FinCEN Crypto Complaints Exceed 1,500 Reports from Financial Institutions per Month
FinCEN Receives About 1,500 Crypto-Related Complaints Per Month
The Financial Crimes Enforcement Network (FinCEN) receives a total of about 1,500 complaints from financial institutions regarding cryptocurrencies per month. The director of the entity, Kenneth Blanco, has recently talked at the Chicago-Kent Bank Tech Conference and discussed how the agency is able to regulate the cryptocurrency market.
According to him, while the digital assets can be very beneficial in some cases, they also enable bad actors who want to scam other people to have more opportunities for doing so, which increased the activity of online scams.
More Than 1,500 Complaints In A Single Month
The director of the regulator emphasized that the Suspicious Activity Report (SAR) findings are very important for the institution. The SARs are documents that financial institutions have to file in order to report incidents of fraud or activities related to money laundering. According to the number cited by Blanco, the agency receives a high number of them: more than 1,500 per month.
These reports, however, does not come only from traditional financial institutions, as one might think, but also from cryptocurrency exchanges. According to him, both banks and virtual exchanges have been doing their part to help and they been critical for law enforcement.
Some of this information is about ownership of assets, activities that can be considered suspicious, jurisdictional information and some leads that have helped the FinCEN so far.
The Role of The FinCEN
Blanco discussed the role of the entity during his presentation. He has a broad experience working in the crypto space as a regulator for years and his focus is on the exchanges, administrators and the people who are involved in the actual money transmission. He also stated that there is a 2011 rule from the FinCEN that regards cryptos as money.

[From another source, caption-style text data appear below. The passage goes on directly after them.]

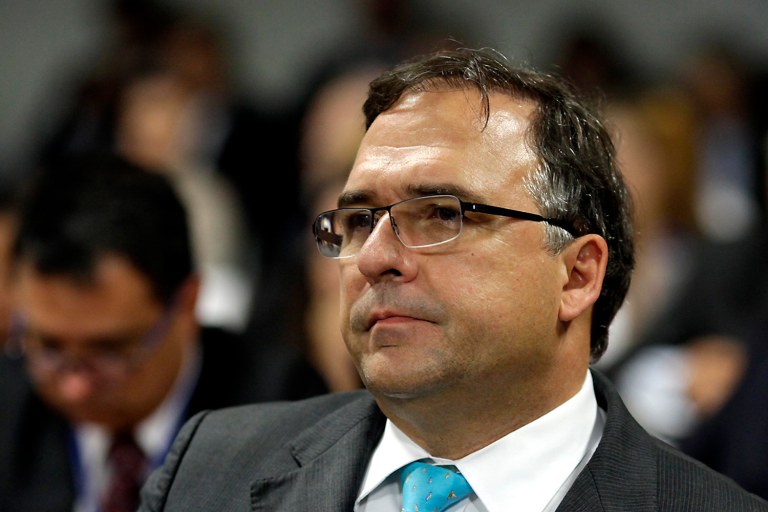Sandro Mabel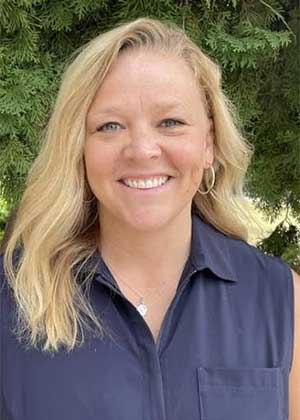 Erin Pemberton Melhorn, PhD, OTD, OTR/L, BCG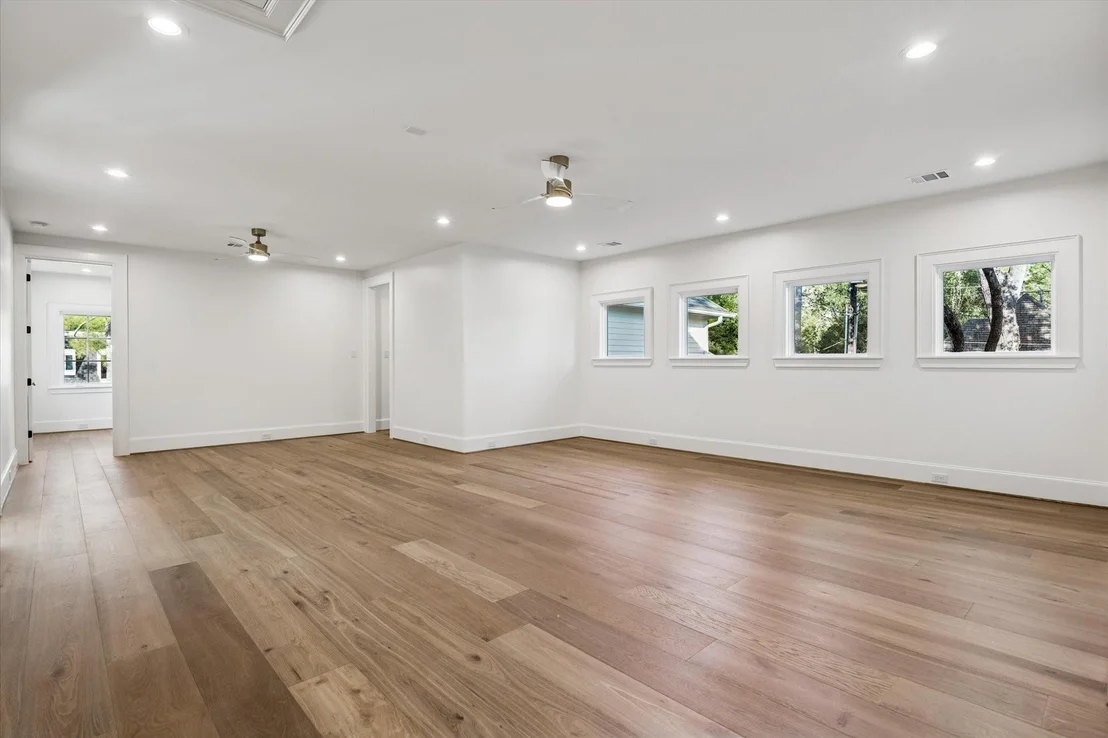 Photo of 538 Hallie Drive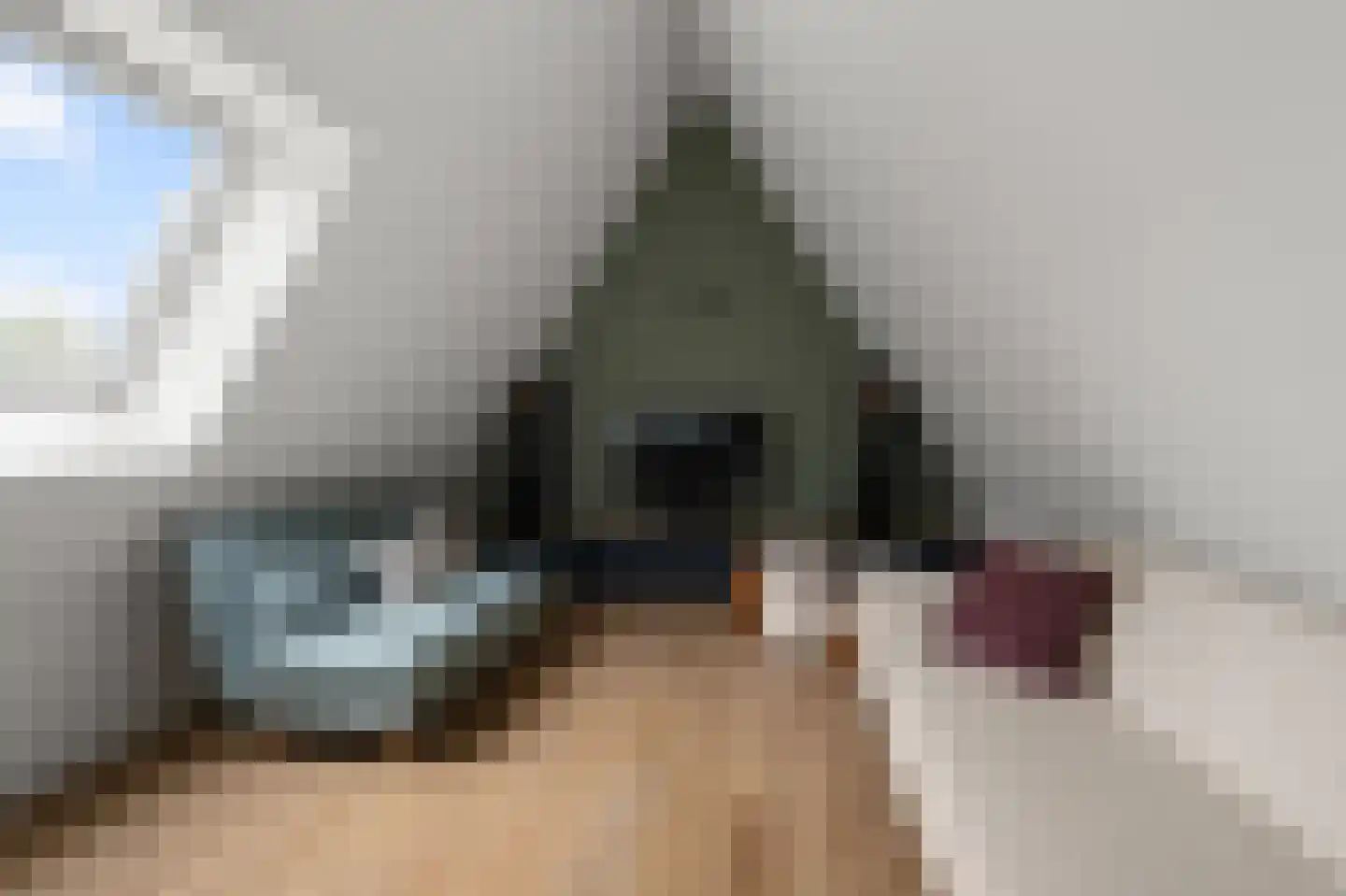 Nicolaas Blokkerlaan 15 Heiloo thumbnail 48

Also, the director has affirmed that the FinCEN is working closely with other agencies the U. S. Securities and Exchange Commission (SEC) and the U. S. Commodity Futures Trading Commission (CFTC) to develop policies and to discover how to deal with this emerging market.
Another topic that was referenced by Blanco was the Initial Coin Offerings (ICOs). According to him, this area is growing faster and have achieved a lot of attention from the public recently, as well as a lot of scams.
According to him, while the arrangements of each ICO may vary a lot, they mostly depend on the structure of the program and different authorities may have to regulate them. ICOs are not all the same, as the product that they are selling during their fundraisers is also not, too.